Provided data

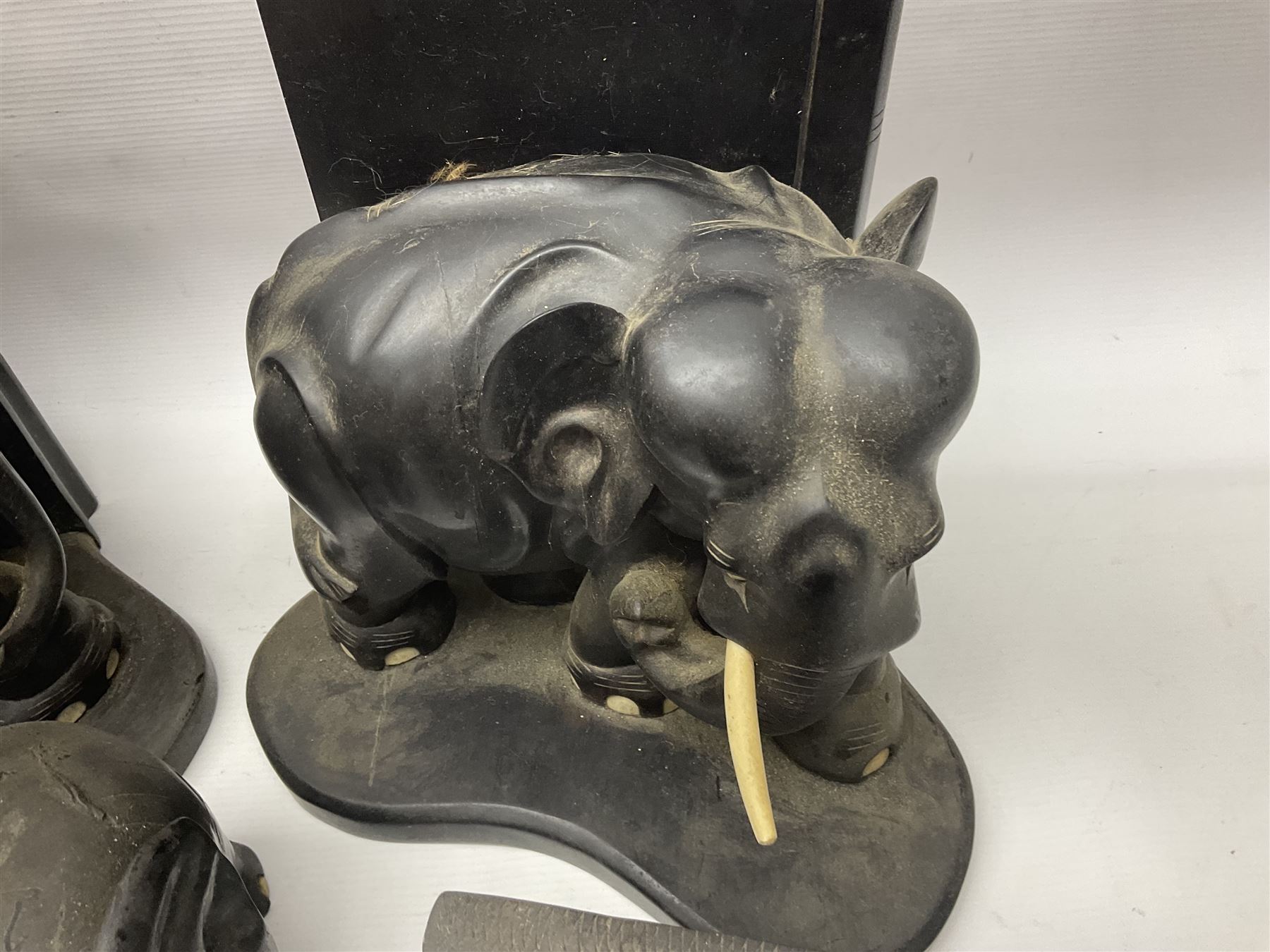 Three pairs of carved wooden elephant bookends, and a similar carved wooden elephant figure, tallest H24cm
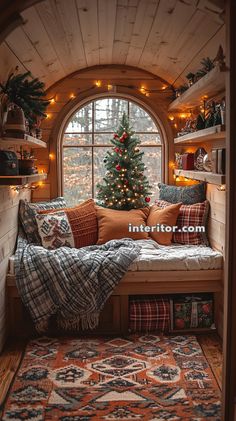 a christmas tree is in the corner of a window sill with pillows and blankets on it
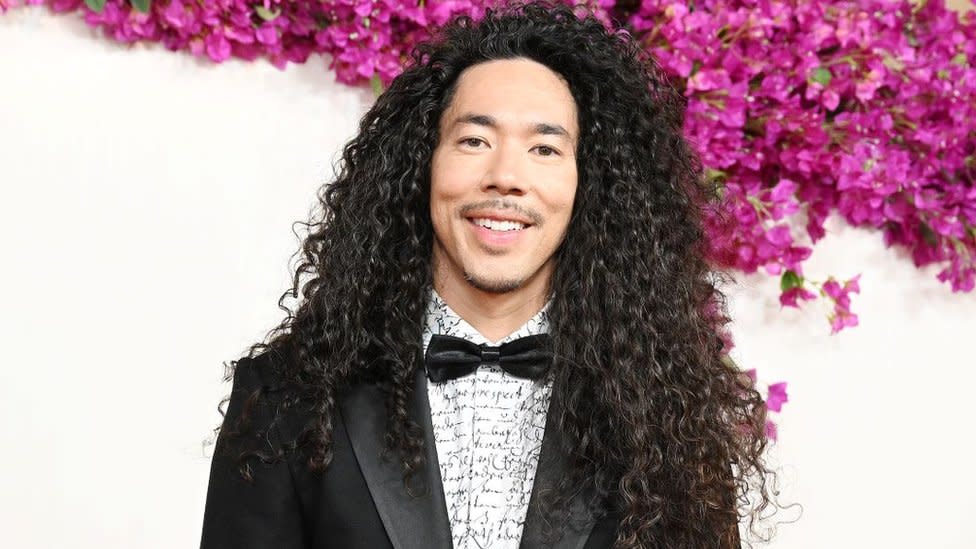 Cole Walliser at the 96th Annual Oscars held at Ovation Hollywood on March 10, 2024 in Los Angeles. Cole is a Canadian man in his 40s, with long curly brown hair past his shoulders. He has brown eyes and a short moustache. He wears a black tuxedo with a black bow tie and a white shirt with black script on it. He's pictured on the red carpet against a white backdrop with hundreds of pink flowers.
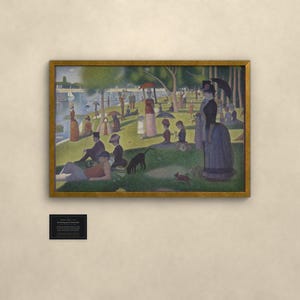 May include: A framed print of Georges Seurat's A Sunday Afternoon on the Island of La Grande Jatte, featuring a pointillist park scene with figures, trees, and a river. Below the frame is a small black plaque with white text detailing the artwork.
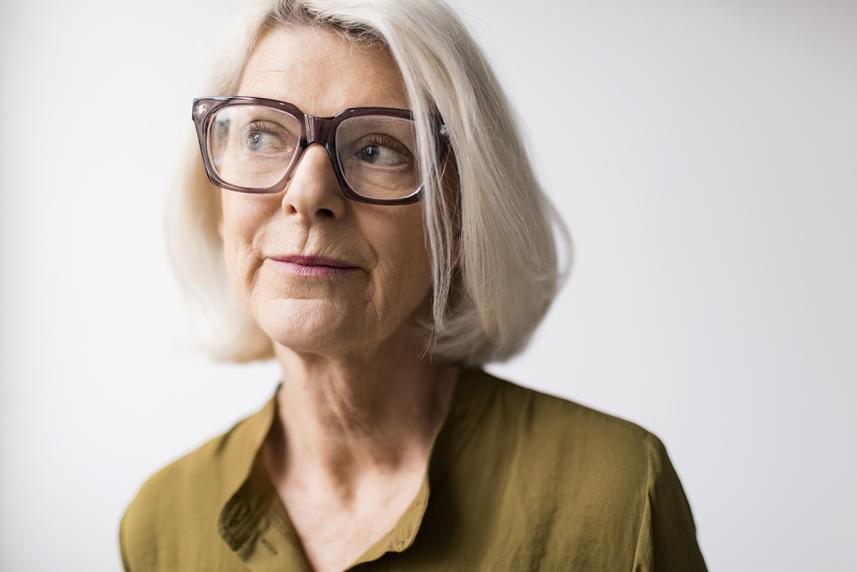 Woman with glasses looking ahead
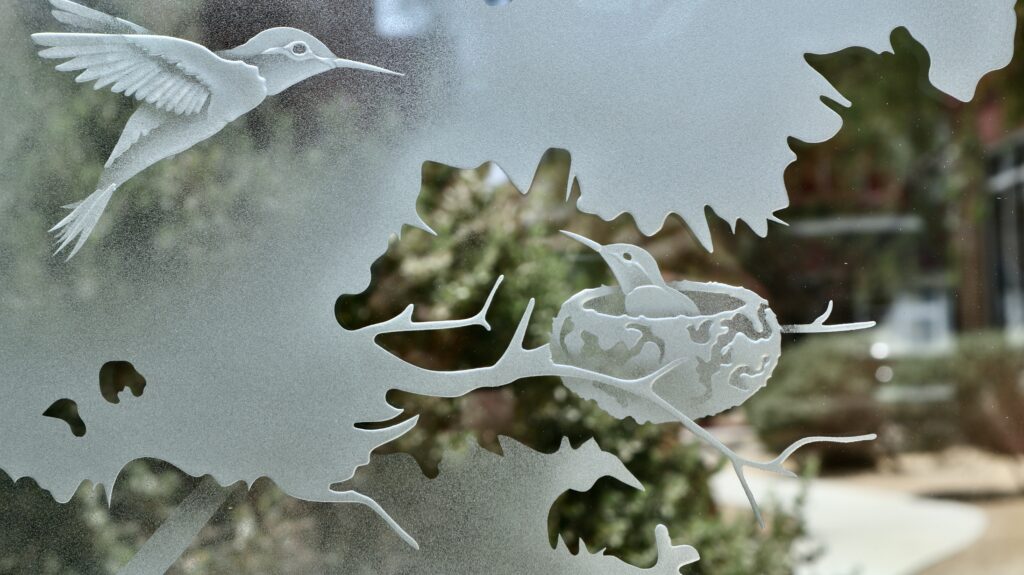 Woodland Scene glass panel featuring a bird nest carved into tree branches and frosted foliage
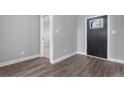 Clean entryway featuring gray walls, dark wood flooring, and a modern door at 37 Pomegranate Ct, Cameron, NC 28326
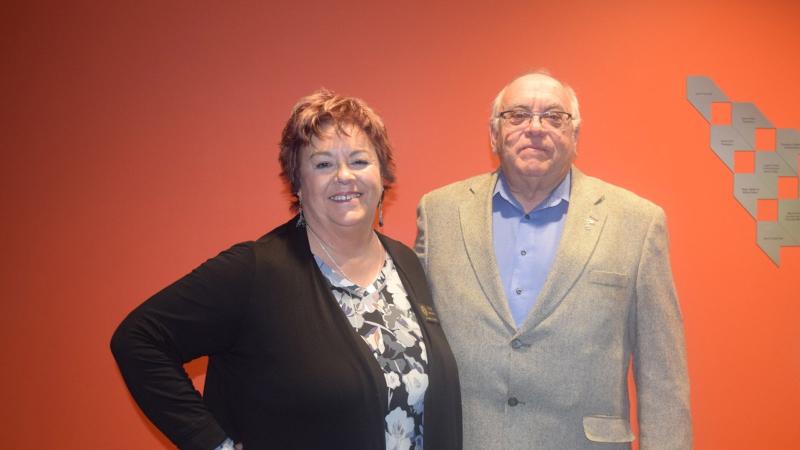 NJC Alumni Association Secretary Deb Walker congratulates President’s Award recipient Chip Steger at the Hoops Homecoming Awards Luncheon Saturday, Feb. 19, 2022. (Callie Jones/Sterling Journal-Advocate)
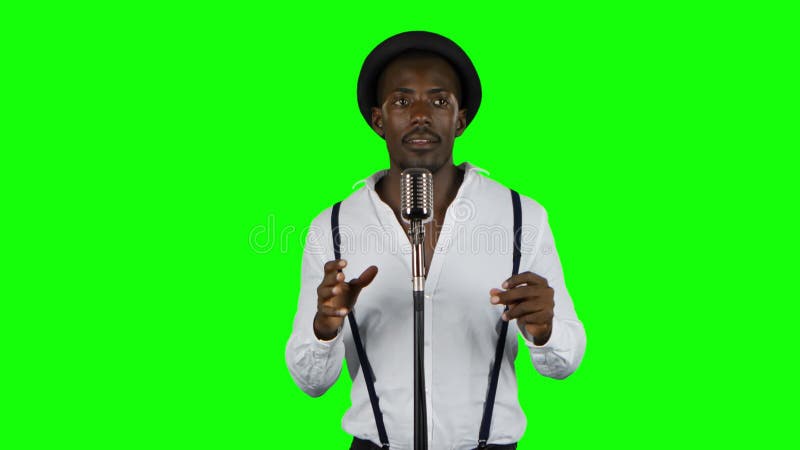 De mensenzanger zingt in een microfoon en een dans Het groene scherm
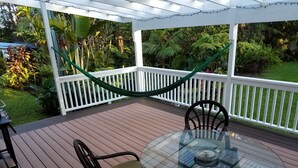 Eine überdachte Terrasse im Freien mit einem Glastisch und Stühlen, umgeben von einem weißen Zaun und üppigem Grün.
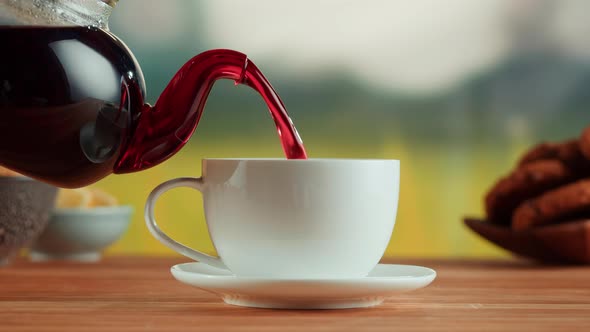 Pouring Red Fruit Tea Into Glass Cup Closeup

Task to complete
Only the lines from the beginning of the listing up to and including the line with "a christmas tree" should appear in the reply, copied word for word and free of pictures.

Task response
 Three pairs of carved wooden elephant bookends, and a similar carved wooden elephant figure, tallest H24cm
 a christmas tree is in the corner of a window sill with pillows and blankets on it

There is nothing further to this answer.